A year since ordering the invasion of Ukraine, Putin has signalled he is ready to rip up the architecture of nuclear arms control – including the big powers’ moratorium on nuclear testing – unless the West backs off in Ukraine.

During a state of the nation address on Tuesday, Putin said Russia would be suspending its participation in the New START treaty, the last remaining nuclear arms pact with the US. But Moscow later said it would still comply with the treaty until it expires in early 2026.

In his address on Thursday, Putin also said Russia would continue mass production of air-based hypersonic Kinzhal systems and start mass supplies of sea-based Zircon hypersonic missiles.

“With the adoption of the Borei-A nuclear-powered submarine project Emperor Alexander III into the navy, the share of modern weapons and equipment in the naval strategic nuclear forces will reach 100 percent,” Putin said.

“In the coming years, three more cruisers of this project will replenish the fleet’s combat strength,” he said.

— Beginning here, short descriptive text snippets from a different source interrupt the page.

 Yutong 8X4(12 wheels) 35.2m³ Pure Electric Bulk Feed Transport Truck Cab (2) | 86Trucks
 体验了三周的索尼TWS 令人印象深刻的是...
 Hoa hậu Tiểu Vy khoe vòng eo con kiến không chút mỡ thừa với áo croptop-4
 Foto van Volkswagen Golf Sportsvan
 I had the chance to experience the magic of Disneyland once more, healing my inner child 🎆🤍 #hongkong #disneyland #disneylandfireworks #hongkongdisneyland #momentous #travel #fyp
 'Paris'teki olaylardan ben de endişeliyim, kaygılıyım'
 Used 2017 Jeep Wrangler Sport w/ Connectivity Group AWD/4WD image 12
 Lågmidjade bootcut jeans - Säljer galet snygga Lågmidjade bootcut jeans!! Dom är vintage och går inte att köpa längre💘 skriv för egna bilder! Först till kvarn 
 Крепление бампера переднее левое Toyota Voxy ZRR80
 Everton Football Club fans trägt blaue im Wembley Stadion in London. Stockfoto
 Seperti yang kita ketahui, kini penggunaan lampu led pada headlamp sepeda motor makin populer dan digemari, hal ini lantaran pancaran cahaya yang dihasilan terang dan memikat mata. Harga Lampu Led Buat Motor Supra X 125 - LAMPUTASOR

The Emperor Alexander III was launched in late December. It is the seventh Borei-A class submarine – which can each carry 16 Bulava submarine-launched ballistic missiles.

Putin also said Russia would develop all parts of its conventional armed forces, improve training, add advanced equipment, bolster the arms industry and promote soldiers who had proven themselves in battle.

“A modern, efficient army and navy are a guarantee of the country’s security and sovereignty, a guarantee of its stable development and its future,” Putin said.

“Therefore, we will continue to pay priority attention to strengthening our defence capability.”

As part of a supposed “special military operation,” Russian tanks entered Ukraine on February 24, 2022, hoping for an easy triumph.

Yet, Ukraine has resisted tenaciously, and the conflict has dragged on into a standstill, killing thousands of civilians and inflicting an estimated 150,000 deaths on both sides, according to various Western sources.